Tu parlais de tests d’avant-saison, tu en as aussi fait après Barcelone, à Jerez. Est-ce que cela t’a donné des clés pour mieux aborder ces courses-là ?

RDG : Totalement. Enzo n’a pas fait les tests d’avant-saison, mais il était avec moi après Barcelone. Logan, lui, n’était pas là, ce qui fait que nous étions deux à Jerez. Enzo m’a beaucoup aidé et appris. C’est ça qui me plaît avec lui : il est ouvert et me donne des clés notamment sur la chauffe des pneus ce qui va être intéressant à mettre en place. Avec l’équipe, on a trouvé des éléments qui marchaient bien à Jerez.

Quel est ta journée type en tant que pilote, mais aussi en tant qu’étudiant ?

RDG : Je suis à l’école au Mans.

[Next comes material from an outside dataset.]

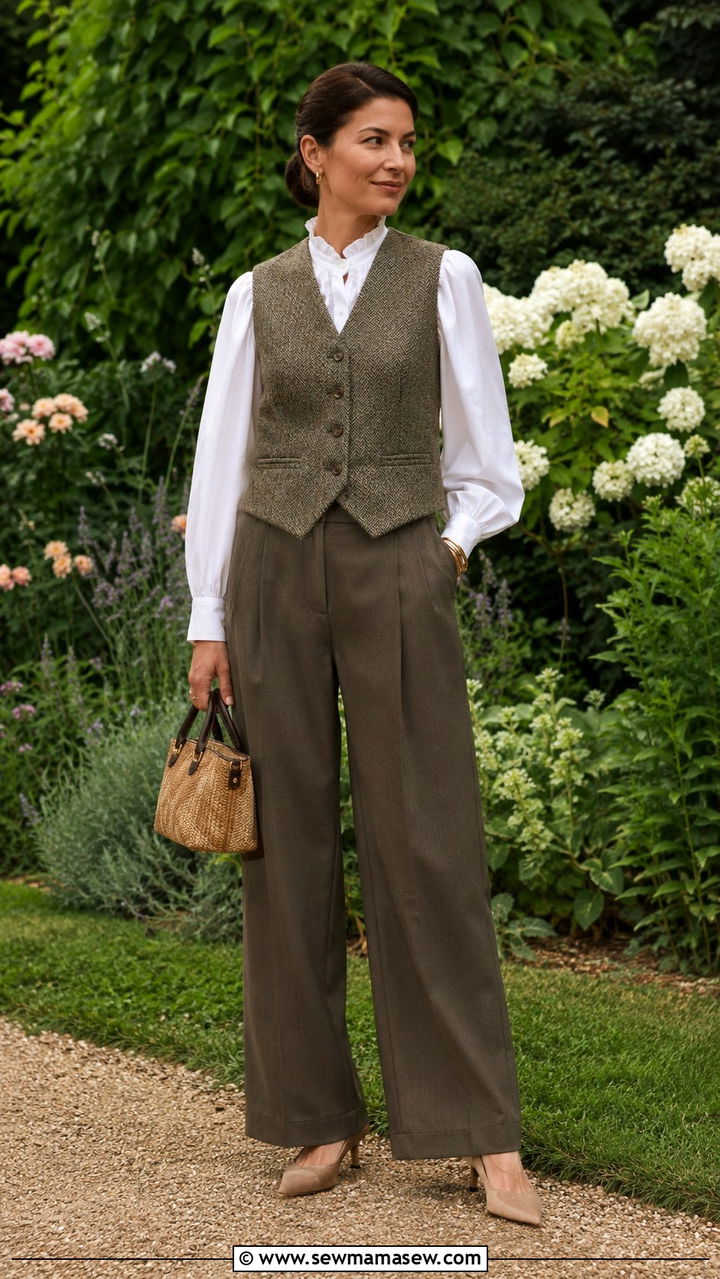 Tweed vest with ruffled collar blouse and tailored trousers - 20 Eclectic grandpa outfit ideas 2026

On a cours le matin de 8 h à 12 h. Une pause puis deux nouvelles heures de cours de 14 h à 16 h. On finit la journée par deux heures de sport. Puis je rentre chez moi et je me relaxe, je m’étire.

Y a-t-il un rendez-vous ou un circuit dans la saison que tu attends plus que les autres ? Quels sont les pilotes que tu admires ?

RDG : Spa-Francorchamps, je l’attends avec impatience. C’est un circuit que j’adore et puis ça me tient à cœur de rouler là-bas pour Anthoine. Découvrir et rouler aux États-Unis va aussi être exceptionnel, donc j’ai hâte de rouler là-bas avec des spectateurs si possible, car l’ambiance doit être spectaculaire. Côté pilotes, Ayrton Senna est une idole. J’apprécie énormément Hamilton, car il est au top ces dernières années et il a accompli tellement de grandes choses dans ce sport, tout en arrivant à faire passer des messages. J’apprécie aussi Vettel. Je le regardais quand j’étais petit, quand il gagnait tout chez Red Bull, ce qui était incroyable. Donc je dirais que Vettel et Hamilton sont les deux pilotes que je préfère, peut-être aussi parce qu’ils ont bercé mon enfance.

Sur le long terme, représenter la Réunion en F1 serait une fierté ?

RDG : Oui totalement. C’est déjà une grande fierté de représenter la Réunion. Sur ma voiture, je n’ai que des sponsors réunionnais. C’est une fierté et même un objectif de faire découvrir l’île. Je vais tout faire pour représenter la Réunion en F2 et pourquoi pas en F1. C’est incroyable, car personne n’a encore fait ça.